Stored items ▸
____________________

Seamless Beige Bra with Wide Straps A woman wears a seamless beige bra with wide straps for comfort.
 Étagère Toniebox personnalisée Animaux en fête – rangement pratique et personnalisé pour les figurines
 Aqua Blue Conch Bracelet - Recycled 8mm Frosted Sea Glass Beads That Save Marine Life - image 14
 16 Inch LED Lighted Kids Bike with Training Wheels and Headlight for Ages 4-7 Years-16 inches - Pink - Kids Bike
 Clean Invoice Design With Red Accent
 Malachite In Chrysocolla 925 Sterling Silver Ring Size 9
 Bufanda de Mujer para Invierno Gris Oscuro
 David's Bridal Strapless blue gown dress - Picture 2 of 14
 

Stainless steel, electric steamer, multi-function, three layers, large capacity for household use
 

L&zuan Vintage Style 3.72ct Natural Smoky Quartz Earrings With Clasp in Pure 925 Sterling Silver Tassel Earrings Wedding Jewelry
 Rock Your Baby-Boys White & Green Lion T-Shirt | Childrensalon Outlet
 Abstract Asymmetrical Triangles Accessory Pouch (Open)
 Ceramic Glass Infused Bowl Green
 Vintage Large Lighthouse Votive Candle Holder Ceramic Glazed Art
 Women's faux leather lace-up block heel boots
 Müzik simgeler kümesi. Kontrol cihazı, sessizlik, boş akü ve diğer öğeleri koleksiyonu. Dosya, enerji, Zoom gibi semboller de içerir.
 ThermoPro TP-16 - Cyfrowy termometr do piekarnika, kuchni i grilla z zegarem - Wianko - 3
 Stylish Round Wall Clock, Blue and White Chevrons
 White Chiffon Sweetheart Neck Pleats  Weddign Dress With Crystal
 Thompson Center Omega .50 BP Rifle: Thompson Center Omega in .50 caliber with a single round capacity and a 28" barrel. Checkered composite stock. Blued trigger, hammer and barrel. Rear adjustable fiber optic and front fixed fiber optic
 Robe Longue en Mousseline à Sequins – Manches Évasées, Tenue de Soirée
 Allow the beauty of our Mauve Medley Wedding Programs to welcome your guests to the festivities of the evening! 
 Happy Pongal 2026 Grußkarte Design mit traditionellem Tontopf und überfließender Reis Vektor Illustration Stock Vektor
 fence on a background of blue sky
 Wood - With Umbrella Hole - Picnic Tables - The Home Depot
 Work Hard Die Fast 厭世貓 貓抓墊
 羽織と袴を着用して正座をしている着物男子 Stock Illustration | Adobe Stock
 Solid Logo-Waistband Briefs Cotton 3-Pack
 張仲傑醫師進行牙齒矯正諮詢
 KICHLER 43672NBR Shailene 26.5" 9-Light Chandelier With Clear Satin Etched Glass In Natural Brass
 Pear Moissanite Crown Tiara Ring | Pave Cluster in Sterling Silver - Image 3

____________________

Exact copies of the lines from the start of the data up to the line holding "Aqua Blue Conch", both included, are all that is needed.

EXERCISE RESULT ▸
Seamless Beige Bra with Wide Straps A woman wears a seamless beige bra with wide straps for comfort.
 Étagère Toniebox personnalisée Animaux en fête – rangement pratique et personnalisé pour les figurines
 Aqua Blue Conch Bracelet - Recycled 8mm Frosted Sea Glass Beads That Save Marine Life - image 14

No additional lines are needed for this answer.